Sarah Vine

Scared of sexists? Try upsetting the feminists

How the author came up against censorious feminists

As a study published the other day showed, the equality gap is far from sewn up. Despite the fact that women managers climb the career ladder faster than men and reach positions of responsibility five years earlier than their male counterparts, they are still paid less …an average of 12 per cent less, rising to 23 per cent at senior level.

Are you still there? Because if I were you I would have wandered off by now, perhaps to tidy my sock drawer, or empty the bins — or perform any number of more fascinating tasks; anything apart from listening to yet another whingeing career woman bleating on about the unfairness of it all. It is not that I don’t care, of course I do: I am a woman and I have a job; but it’s like another recent headlining report, the one about e-numbers making children hyperactive — tell me something I don’t already know.

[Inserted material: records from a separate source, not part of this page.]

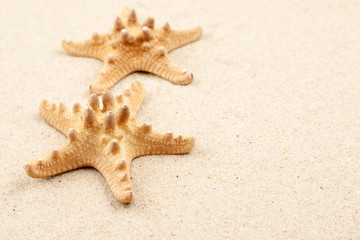 Two starfishes on a beach sand, copy space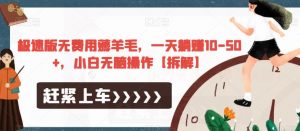 极速版无费用薅羊毛，一天躺赚10-50+，小白无脑操作【拆解】-6688资源库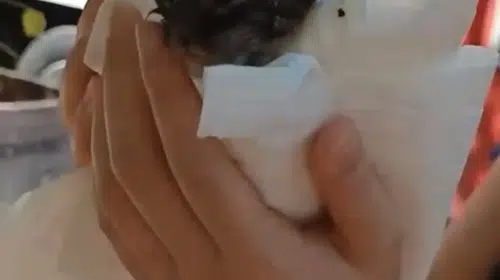 Kartal’da kullanılmayan yapının çatısındaki yangın söndürüldü, kedi kurtarıldı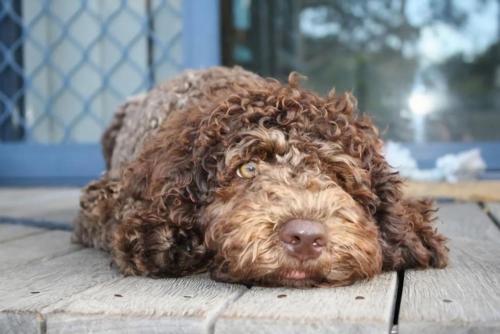 a brown dog laying on a wooden floor at Convent Cottage - Pet-Friendly Central Yamba Escape - Holiday Yamba in Yamba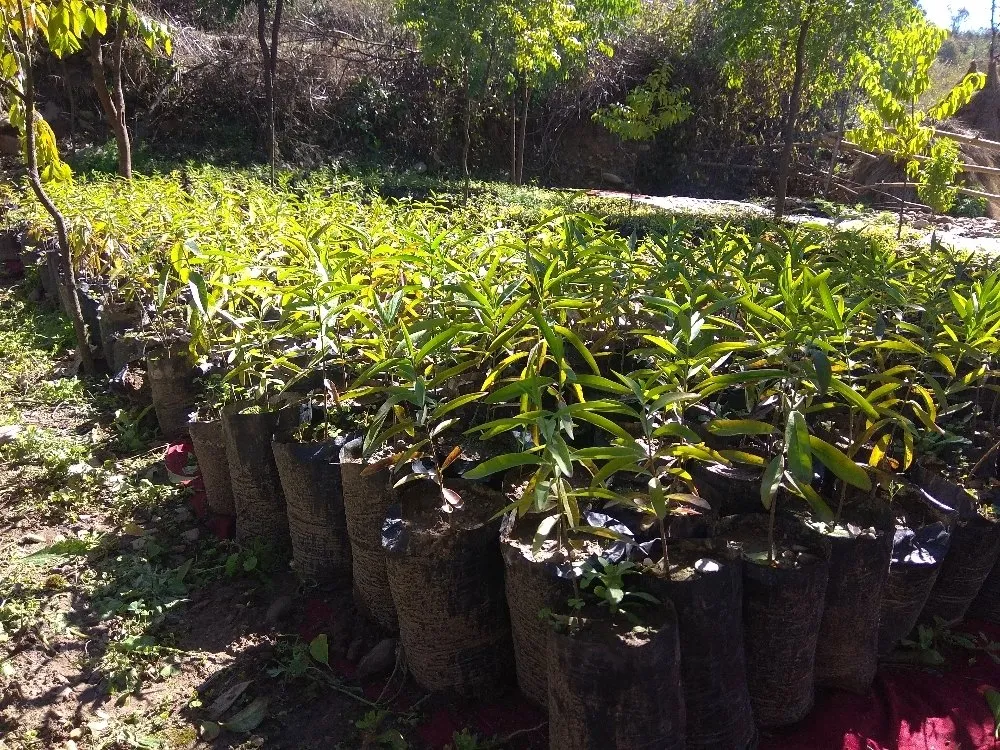 chăm sóc cây đàn hương thời kì đầu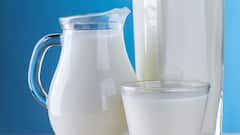 Health Tips : जर तुम्हालाही दूध प्यायला आवडत नसेल तर कॅल्शियम सप्लीमेंट्ससाठी खा हे पदार्थ, मिळतील अनेक फायदे !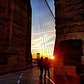 Brooklyn Bridge, New York, New York. Photo via @qwqw7575 #viewingnyc #newyork #newyorkcity #nyc #brooklynbridge #manhattanbridge #sunrise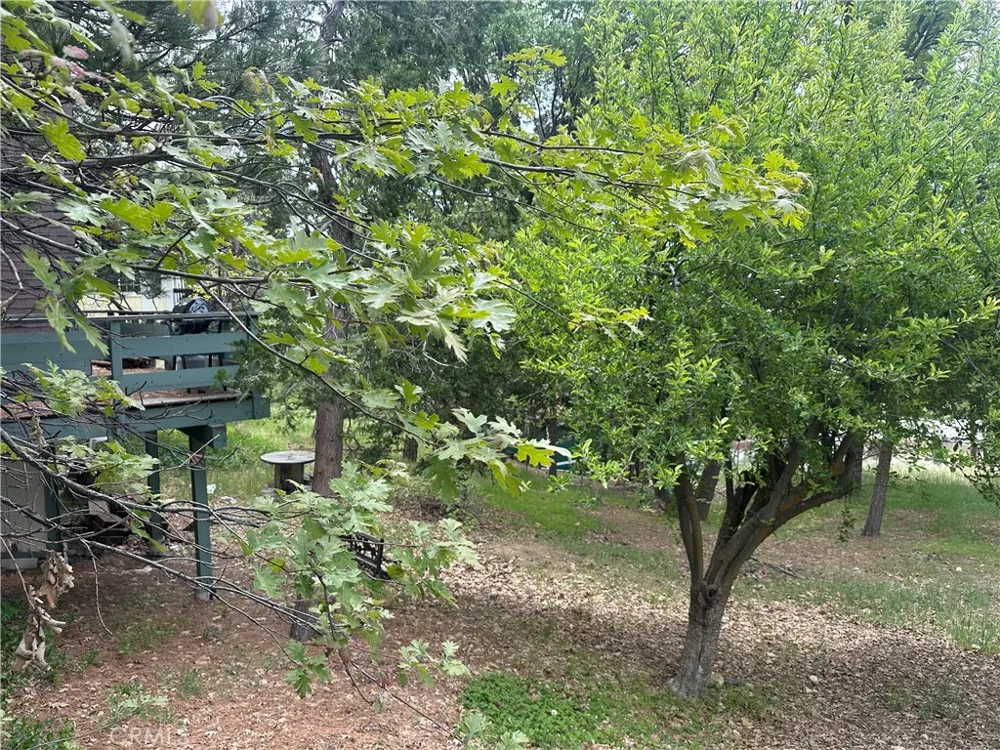 Deer Lick Lane Running Springs, CA 92382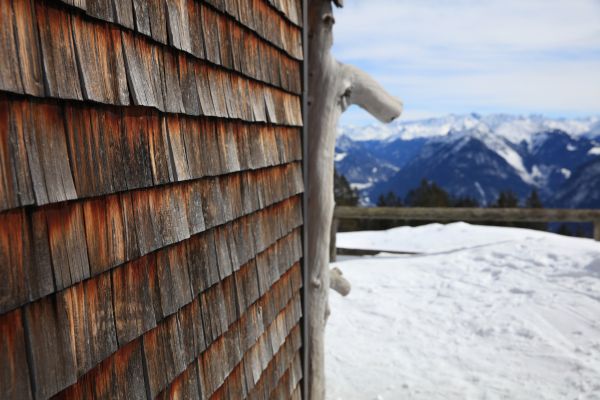 Cedar Siding Repair in Rowlett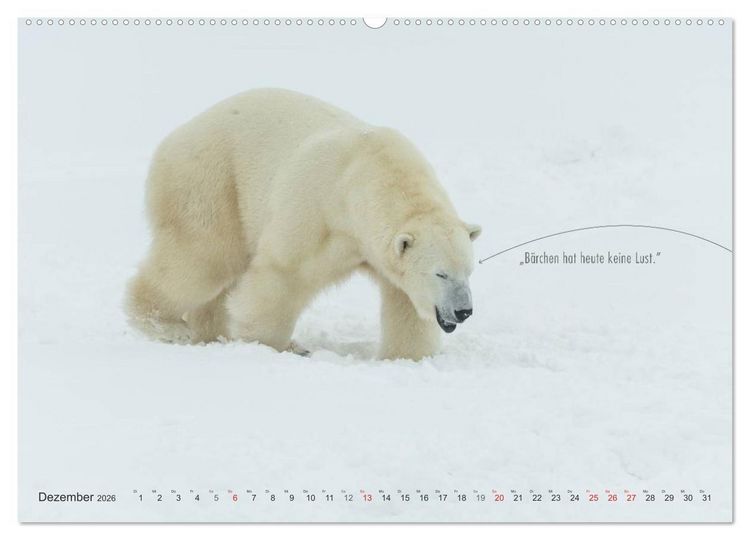 Produktbild: Emotionale Momente: Eisb&auml;ren - ganz menschlich gesehen. (Wandkalender 2026 DIN A2 quer), CALVENDO Monatskalender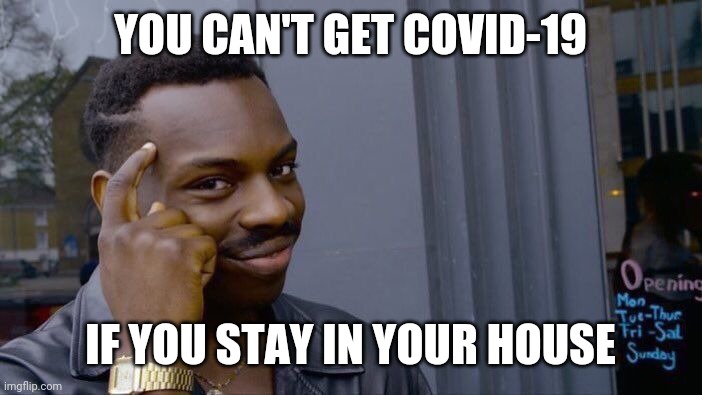 Roll Safe Think About It | YOU CAN'T GET COVID-19; IF YOU STAY IN YOUR HOUSE | image tagged in memes,roll safe think about it | made w/ Imgflip meme maker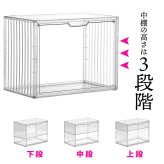 マルチクリアボックス 2個セット 4ステージタイプ / シェルフタイプ ONLS0131 リビング雑貨 W 365 × D 220 × H 275 mm ディスプレイボックス コレクションケース フィギュアケース 新生活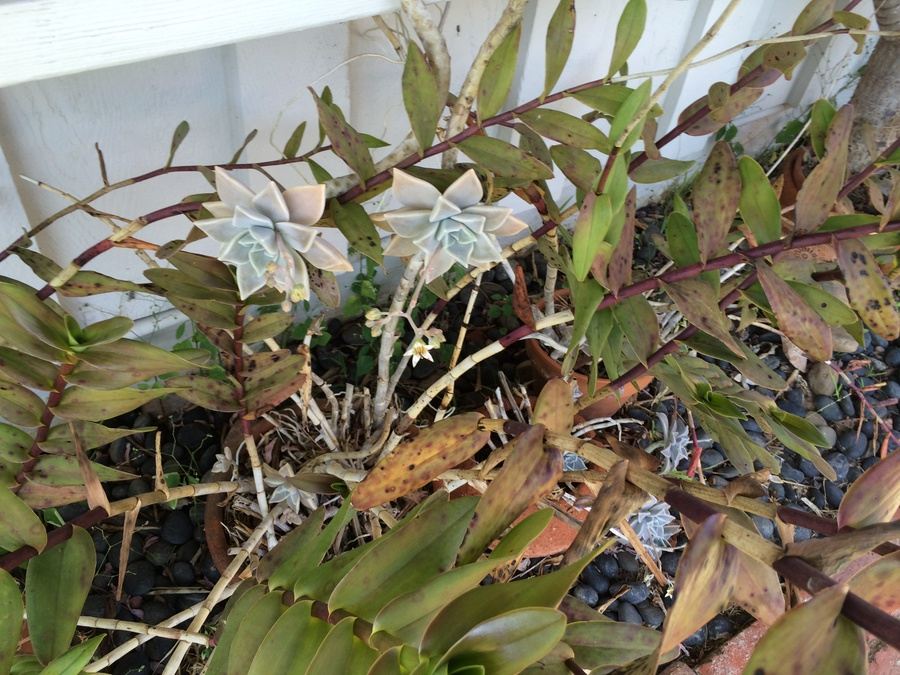 Huge Succulent Pot Lot - Well Over A Dozen Potted Succulents [Photo 18]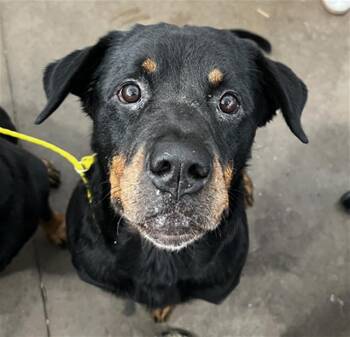 SNIVALVA -  Mixed Breed Dog for Adoption in Dallas, Texas - SNIVALVA | PetCurious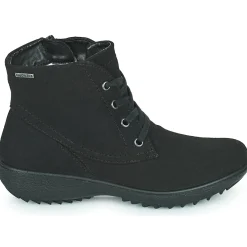 Westland - ORLEANS 126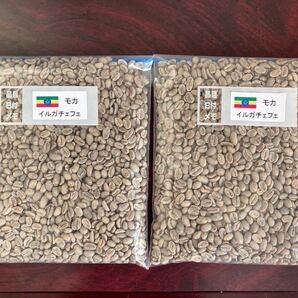 コーヒー生豆 モカイルガチァフェG1 800g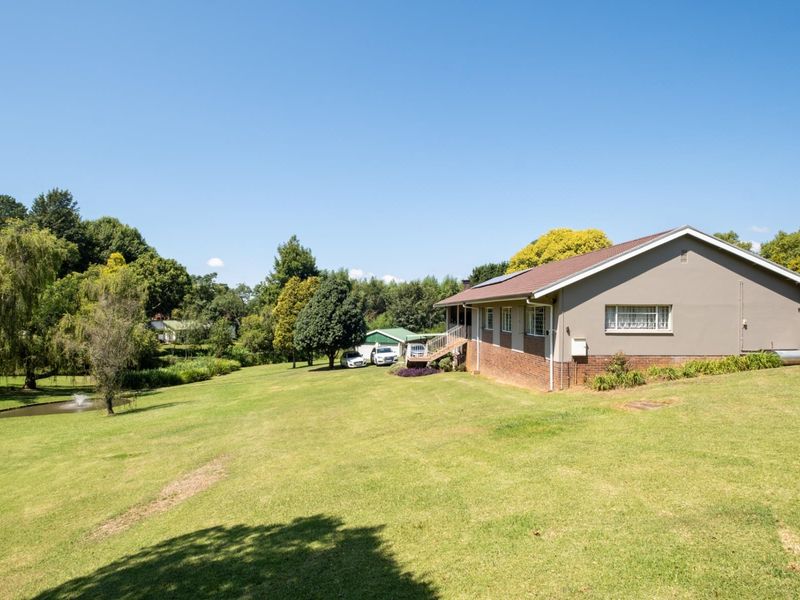 Magnificent Tree-Filled Garden, Full Solar and Endless Potential in Prime Greendale - Photo 2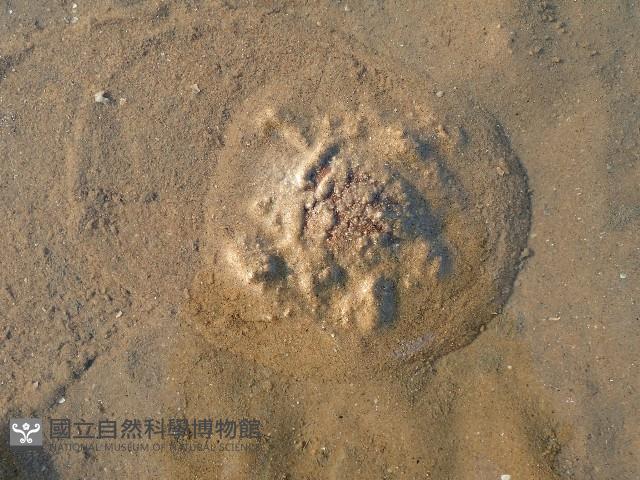 曼氏星盾(孔楯)海膽藏品圖，第2張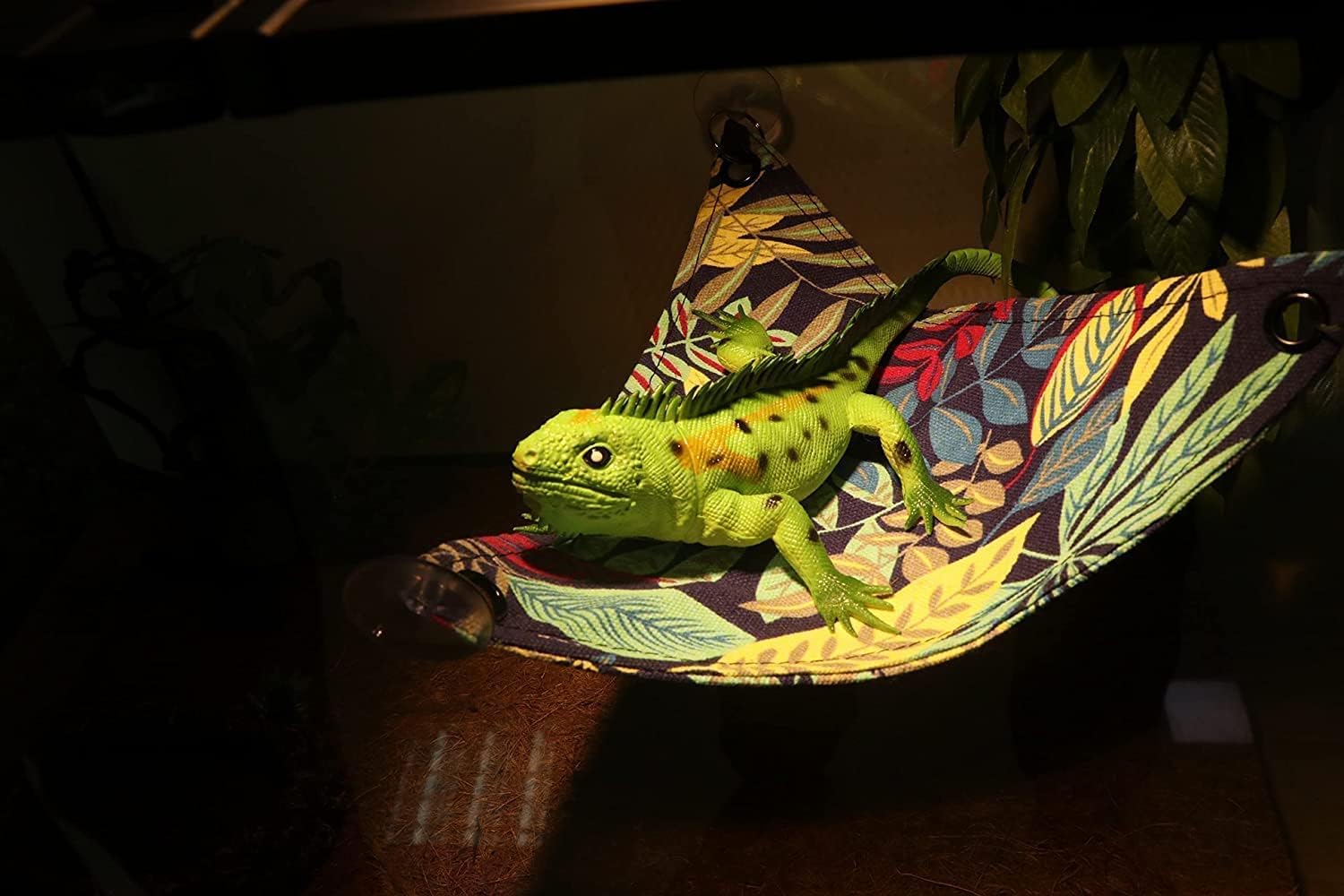 Buy Bearded Lizard Dragon Hammock , Reptile Lizard Lounger, Ladder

Many aspects of the female condition are not ‘fair’. Always having to put the loo seat down before you go for a pee, for example, or dealing with a frankly psychotic set of hormones, or not being able to get your partner to gestate a baby for you while you fly off on a series of vitally pressing business trips. Overall, however, I am more than happy with my chromosomal lot in life — especially since I am fortunate enough to live in a wealthy, secular country such as Britain where psychopathic religious zealots do not (as yet) prevent me from driving a car or threaten to kill me if I wear the wrong clothes.

Sure, we need to bridge the pay gap; and yes, we urgently need to do something about anomalies such as women’s pensions (women are in effect paid less than men, since to qualify for the full state pension you need to have spent a minimum of ten years in employment — apparently raising the next generation of taxpayers does not qualify as ‘work’).